Introduction
The Rbbt system is a collection of functionalities (tools in the toolkit) organized into an API. These functionalities are powered by one another and by a sophisticated infrastructure of resources.
The Rbbt has the Workflow
module to package functionalities. These can be
accessed any of the following ways:
- Programmatically from Ruby
- From the command-line through the
rbbt
command - Through the HTML interface
- Through the REST web server using a programmatic API
Implementing workflows is simplified thanks to the extensive collection of
tools in Rbbt. The can be maintained independently from the base system, and
managed through the rbbt
command to install or update them from different
sources, or to use them remotely.
Any software that uses Rbbt will tap into the same infrastructure, sharing not only the functionalities and resources, but also the caches, indexes and analysis results that get created over time.
Objectives
There are several objectives that the Rbbt framework tries to achieve:
- Complete reproducibility and provenance
- Complete re-usability
- Promoting of good development practices by using incentives
- Being flexible and un-intrusive; standards and practices can be ignored and worked around for particular cases
- Providing an executable domain specific language (DSL) that can best express the processes in bioinformatics.

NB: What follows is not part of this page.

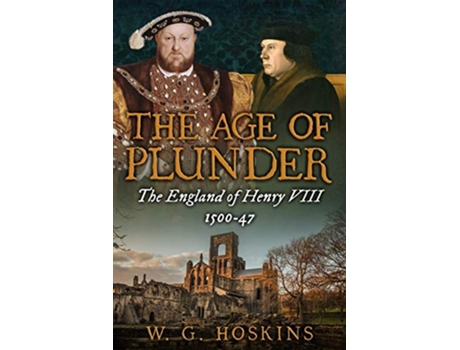Livro The Age of Plunder The England of Henry VIII 150047 Uncovering the Tudors de W G Hoskins (Inglês)
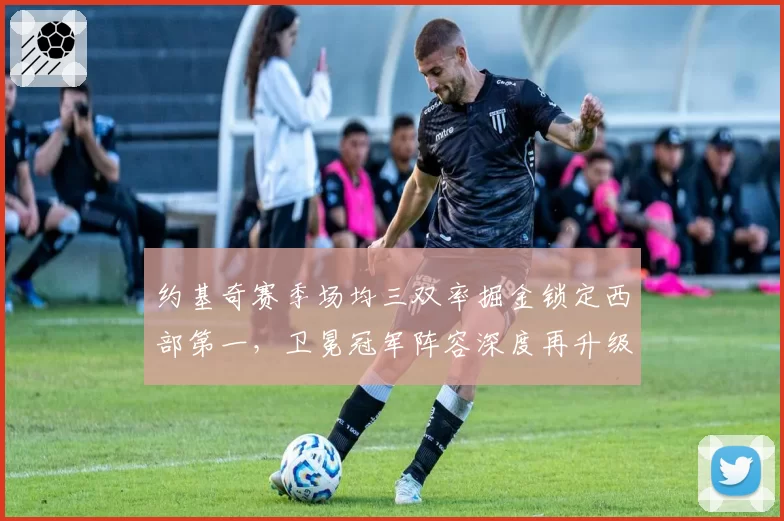 约基奇赛季场均三双率掘金锁定西部第一,卫冕冠军阵容深度再升级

- Allowing the best tool to be used for each task; i.e. R for data analysis, Sinatra, HAML & SASS for web development, shell scripts for system administration, basic Unix/Linux tools for efficient file processing, etc
- Achieving production-ready performance in basic operations, even over databases of millions of rows, without sacrificing simplicity
Achieving these objectives in Rbbt took many years and the development of several programming paradigms, which use extensively Ruby meta-programming. While the inner workings of the framework are very elaborate, the final DSL is very expressive and succinct.